Resenha - Red - King Crimson
Por Pedro Zambarda de Araújo
Postado em 10 de maio de 2011
"Red" é um experimento em forma de CD. Ele não tem músicas longas, como fizeram a maioria das bandas de rock progressivo dos anos 70, mas ele requer de quem ouve um conhecimento de jazz, além de um amor por improvisação. São apenas três músicos os responsáveis por seu conteúdo, mas eles fizeram um grande trabalho na edição dos sons de cada melodia.
O trio que compunha o King Crimson em 1974 - o guitarrista Robert Fripp, o baixista John Wetton e o baterista Bill Bruford - são as estrelas do material. Mas há convidados especiais que marcam sua presença com instrumentos de sopro, além de elementos da música erudita.
A abertura do álbum, um composição com o mesmo nome do CD, é a repetição extensa de um refrão feito com guitarra, mellotron, baixo, bateria e várias sobreposições sonoras que passam a ideia de peso. A faixa vai na contramão de criações mais acústicas do King Crimson. "Fallen Angel", a segunda música, fala de uma depressão urbana, íntima e mostra a voz aveludada do contrabaixista John Wetton. Ela irrompe, com melancolia, do clima opressor da composição anterior.
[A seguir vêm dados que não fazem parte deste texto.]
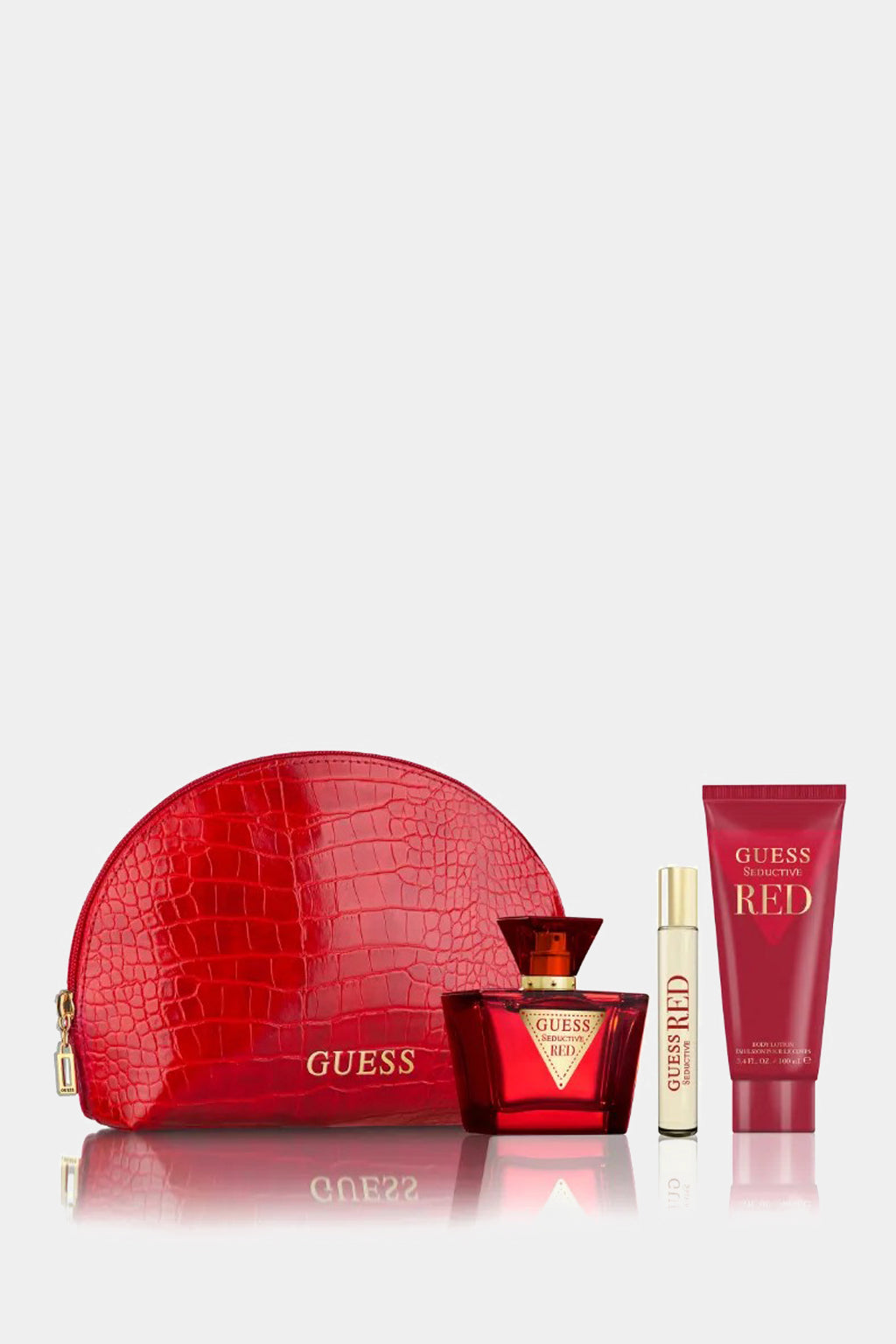 Guess - Seductive Red Set For Women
E trazendo de volta todo o clima tenebroso, o guitarrista Robert Fripp rouba a cena em "One More Red Nightmare", em um jogo instrumental inspirado pela bateria rápida de Bruford. O vocal de Wetton novamente fala de um mal vindo da realidade, do anjo caído da música anterior. Fripp aproveita o final da música para mostrar sua guitarra com vários efeitos sobrepostos - conhecidos como overdubs.
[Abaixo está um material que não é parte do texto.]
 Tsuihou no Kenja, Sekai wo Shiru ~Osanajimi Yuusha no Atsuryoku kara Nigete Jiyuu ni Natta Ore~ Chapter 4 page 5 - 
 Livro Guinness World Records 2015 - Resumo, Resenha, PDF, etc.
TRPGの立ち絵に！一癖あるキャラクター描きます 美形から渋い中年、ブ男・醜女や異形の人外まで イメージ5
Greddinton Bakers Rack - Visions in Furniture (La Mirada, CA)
"Providence" é um jogo de improvisação, com o convidado David Cross tocando violino enquanto a guitarra cresce até dominar a música, acompanhado por uma bateria crescente, constante. Os instrumentistas não se importam com harmonia em seu encontro, disparando notas entre si.
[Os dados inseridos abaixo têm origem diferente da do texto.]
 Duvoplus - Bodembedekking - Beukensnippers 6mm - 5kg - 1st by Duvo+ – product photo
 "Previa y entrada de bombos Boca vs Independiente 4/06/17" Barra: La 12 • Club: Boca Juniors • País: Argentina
De maneira rápida, mas complexa, o CD encerra com "Starless". A música é a mesma do álbum "Starless and Bible Black", lançado no mesmo ano, mas com uma improvisação diferente. Fripp como sua guitarra, em diferentes volumes de saturação, junto com o contrabaixo pesado de John Wetton. Ambos, com o teclado mellotron, criam várias camadas melódicas ao longo da música. Os solos são lentos, assim como o vocal, mas o encerramento não perde sua densidade, recebendo mais recheio do saxofonista Ian McDonald.
O som de Red lembra "Dark Side of the Moon", do Pink Floyd, por ter grande inspiração do jazz moderno e um tom sombrio nas composições. Kurt Cobain, do Nirvana, aponta esse CD como uma inspiração para composições que abusam de sobreposições. Para o trio Fripp, Wetton e Bruford, do King Crimson, o álbum significou uma ruptura com músicas acústicas de criações anteriores.
E o álbum é, certamente, o brilho da calma, da leveza e da obscuridade do guitarrista Robert Fripp, que atrai as atenções em cada uma das cinco faixas.